Saturday, April 2, 2016

Try to Praise the Mutiltated World: Adam Zagajewski

"Don't allow the lucid moment to dissolve
On a hard dry substance
you have to engrave the truth"
Adam Zagajewski
 
 Try to Praise the Mutilated World
 Adam Zagajewski
 
 Try to praise the mutilated world.
 Remember June's long days,
 and wild strawberries, drops of rosé wine.
 The nettles that methodically overgrow
 the abandoned homesteads of exiles.
 You must praise the mutilated world.
 You watched the stylish yachts and ships;
one of them had a long trip ahead of it,
while salty oblivion awaited others.
You've seen the refugees going nowhere,
you've heard the executioners sing joyfully.
You should praise the mutilated world.
Remember the moments when we were together
in a white room and the curtain fluttered.
Return in thought to the concert where music flared.
You gathered acorns in the park in autumn
and leaves eddied over the earth's scars.
Praise the mutilated world
and the gray feather a thrush lost,
and the gentle light that strays and vanishes
and returns.

Adam Zagajewski, "Try to Praise the Mutilated World" from Without End: New and Selected PoemsCopyright © 2002 Adam Zagajewski.
 
Adam Zagajewski (b 1946) is a Polish poet, essayist and novelist.
 
Zagajewski was born in a part of Poland that was incorporated into the Soviet Union after WW2 and his family was forcibly repatriated to Poland.
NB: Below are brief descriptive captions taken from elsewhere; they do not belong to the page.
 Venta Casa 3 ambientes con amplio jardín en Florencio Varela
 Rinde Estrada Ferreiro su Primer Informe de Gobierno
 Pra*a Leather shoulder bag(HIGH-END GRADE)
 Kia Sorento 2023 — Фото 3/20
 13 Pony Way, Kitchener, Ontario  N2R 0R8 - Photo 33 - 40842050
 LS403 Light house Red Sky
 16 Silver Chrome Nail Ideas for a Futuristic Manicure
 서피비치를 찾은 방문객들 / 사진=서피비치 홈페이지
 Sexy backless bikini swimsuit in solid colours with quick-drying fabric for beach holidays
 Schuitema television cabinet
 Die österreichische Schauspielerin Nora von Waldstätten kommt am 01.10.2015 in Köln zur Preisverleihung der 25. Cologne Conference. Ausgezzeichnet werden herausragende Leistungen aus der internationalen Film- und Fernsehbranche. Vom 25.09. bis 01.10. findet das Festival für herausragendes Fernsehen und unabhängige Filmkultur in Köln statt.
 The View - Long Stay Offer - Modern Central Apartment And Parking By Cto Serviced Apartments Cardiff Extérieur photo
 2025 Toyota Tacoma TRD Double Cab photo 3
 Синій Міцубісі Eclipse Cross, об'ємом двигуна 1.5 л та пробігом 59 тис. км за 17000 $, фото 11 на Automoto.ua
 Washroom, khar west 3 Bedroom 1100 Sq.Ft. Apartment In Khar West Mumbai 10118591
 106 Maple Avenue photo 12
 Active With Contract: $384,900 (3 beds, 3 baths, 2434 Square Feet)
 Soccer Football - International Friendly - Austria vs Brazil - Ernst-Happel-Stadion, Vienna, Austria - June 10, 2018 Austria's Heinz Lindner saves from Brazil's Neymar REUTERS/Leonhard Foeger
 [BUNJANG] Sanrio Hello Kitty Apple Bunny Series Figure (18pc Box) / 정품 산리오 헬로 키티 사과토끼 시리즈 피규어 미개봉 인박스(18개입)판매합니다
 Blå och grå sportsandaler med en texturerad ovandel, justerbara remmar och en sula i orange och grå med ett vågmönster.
His first book of poetry was published in Poland in 1972. His work sought to resist and expose communist propaganda and he was a major figure on the Polish Solidarity movement. He wrote poems attacking the imposition of martial law in Poland.
 
In 1982 he left Poland to live in Paris, but returned to Poland in 2002.
 
He became better known after a translation of the poem Try to Praise the Mutilated World was published in The New Yorker  after the 2001 September 11 attacks.